Now you’re getting closer to what the masters sounded like when they were submitted by the artist. Using streaming platforms as a consumer, the volume of the track as it appears is different than what you hear when it was submitted by the artist.
This may strongly change your opinions on these records! I’m a big fan of loudness normalization, but it can result in some very noticeable (and generally positive) changes to the music.
CD best practices
-If you’re a very loud band, this medium gives you some flexibility to push the level even louder.
-Spending more for a DDP file (Red Book standard) makes a noticeable difference in quality and accuracy of the CD manufacturing process.

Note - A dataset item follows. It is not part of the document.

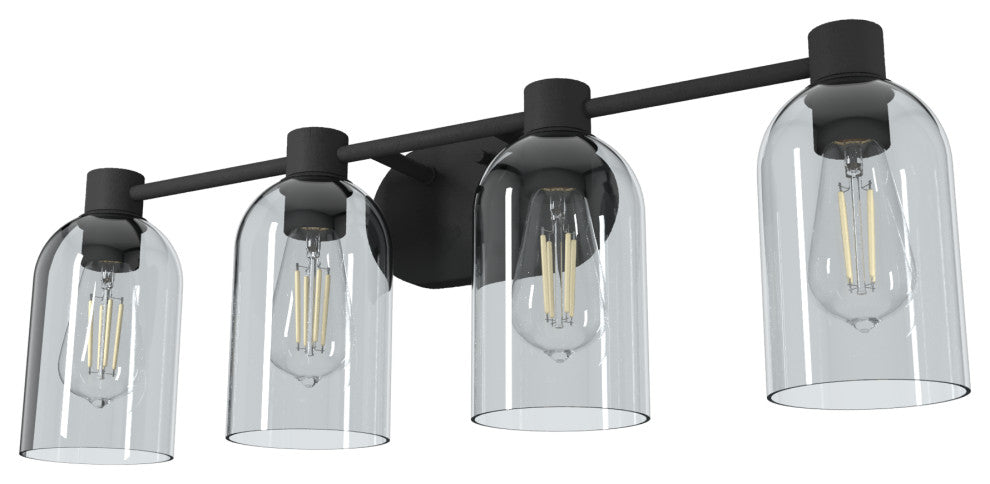 Hunter Lochemeade Natural Iron 4 Light Vanity Wall Light Fixture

-16 bits maximum bit depth, so this medium often will require special masters that have been converted from higher bit rates, as budget allows.
Vinyl best practices
-Use a quality provider, and make sure your cutting engineer is competent. Ask your provider who they use, or hire your own cutting engineer to make the master cut, and deliver it yourself.
-A good vinyl master will often have much lower overall level when compared to a streaming master, greater dynamic range, and will avoid peak limiting.
-This medium isn’t as forgiving when it comes to extreme bass levels, extreme loudness, or a wider stereo field.
-Allow months for manufacturing time.
Cassette best practices
-A lofi, vibey medium.
-Not designed to be the most accurate and pristine audiophile listening experience, which is great as long as the artist is aware and accepting of these limitations.
-Certain styles of music may not be helped by the more compressed lofi vibe: some types of jazz and classical music could sound better on other mediums. This tends to be very dependent on the individual artist.